I have reviewed the AS9100C changes in depth, and I would first like to note that the globalization of industry, coupled with the diversity of regional and national requirements, have complicated our objective to meet or exceed customer expectations and applicable statutory and regulatory requirements. Compounding the problem is the transition of the United States from an industrial nation to a service-driven nation during the past 10 years.
As a result, look around and you will find that today’s manufacturing organizations face many challenges-such as language barriers and lack of tribal knowledge-when it comes to purchasing products from their global supplier bases. On the flip side, these supplier bases face many of the same difficulties when it comes to delivering products to multiple customers, each with varying quality standards.
To understand the intent of AS9100C, it is important to gain an understanding of the essential terms and definitions that make up the body of the standard. The reality is that we cannot apply any requirement, method, principle or acceptance unless we communicate in the same language with our manufacturers and supplies, and AS9100C can help in this endeavor.
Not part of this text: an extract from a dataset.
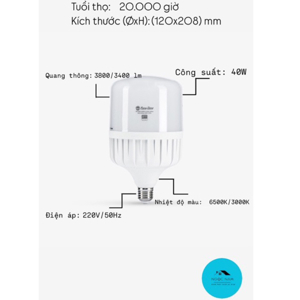 Bóng đèn LED Bulb trụ Rạng Đông TR120N1/40W.H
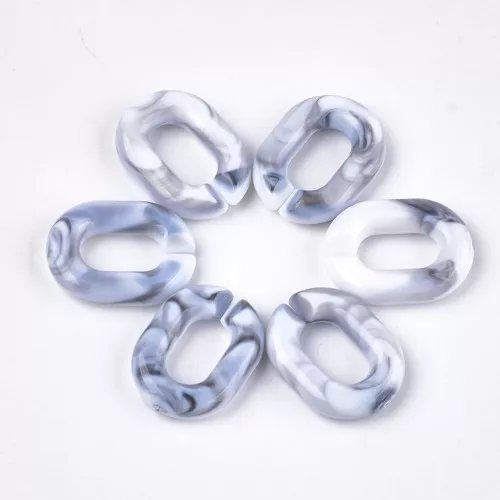 Eslabón ovalado acrílico 24x18 mm - Marbré Blanc - Gris x1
During the last several decades, my experiences as a quality management and NDT professional in the U.S. Navy and the private sector have taught me that it is very important to develop and nurture tribal knowledge, and organizations that let it slip through their fingers are doomed to failure. Unfortunately, in most cases of corporate restructuring, the loss of tribal knowledge is collateral damage, traded for “Lean Principles” without long-term thinking.
Today we have the opportunity to embrace the AS9100C standard, which I truly believe will strengthen our ability to deliver products across all industry sectors that are high in quality and meet or exceed customer expectations. Don’t get left behind; make sure your organization is on board with AS9100C.